Nor was adding Crow the right way to approach any disagreements, perceived or real.
"The fact is that if Lindsey and I can't work out our problems by ourselves, we might as well throw in the towel," Nicks said. "So that's what we are currently trying to do, is work out our problems. And, certainly, another person could not do that for us."
The disintegrating relationships that fueled the album "Rumours" -- Buckingham and Nicks parted, and the McVies filed for divorce -- became part of the album's appeal as fans parsed the meanings behind the songs "Second Hand News" or "Never Going Back Again."
Buckingham -- who called the band "a group of great contradictions ... the members don't necessarily have any business of being in a band together because the range of personalities is disparate" -- did not think "Rumours" was autobiographical. For him, the songs were written in a "generic vein"; only with feedback did he realize how the songs reflected the band's disharmony.

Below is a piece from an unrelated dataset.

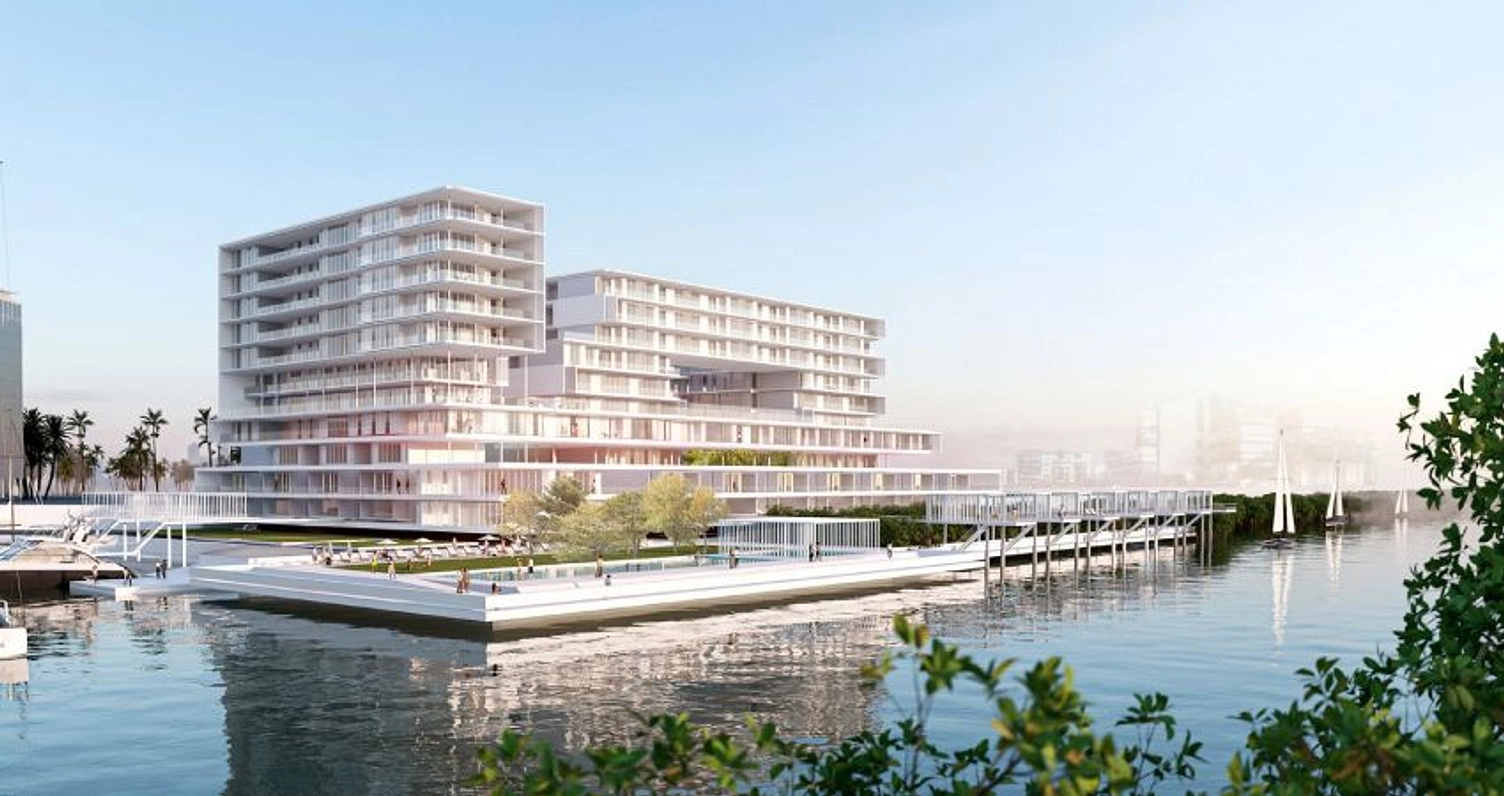 Gateway Porto Al Zorah image 1 - Provident Estate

"The whole idea of the tabloidism of that, the musical soap opera aspect of that, I think to some degree was revealed to us by our audience after the fact," Buckingham said. "The meaning of my songs, I can only say that they have shifted slightly in the same way that the meaning of the band has shifted. ...
"You tend to just sort of see the irony in the songs, and you tend to see, maybe, the heroicism, a little bit, that we possessed. We saw that we had this destiny, and we saw we had to rise above the personal difficulties. And we saw that the music could actually have redemptive power for us and could be a symbol of that to other people."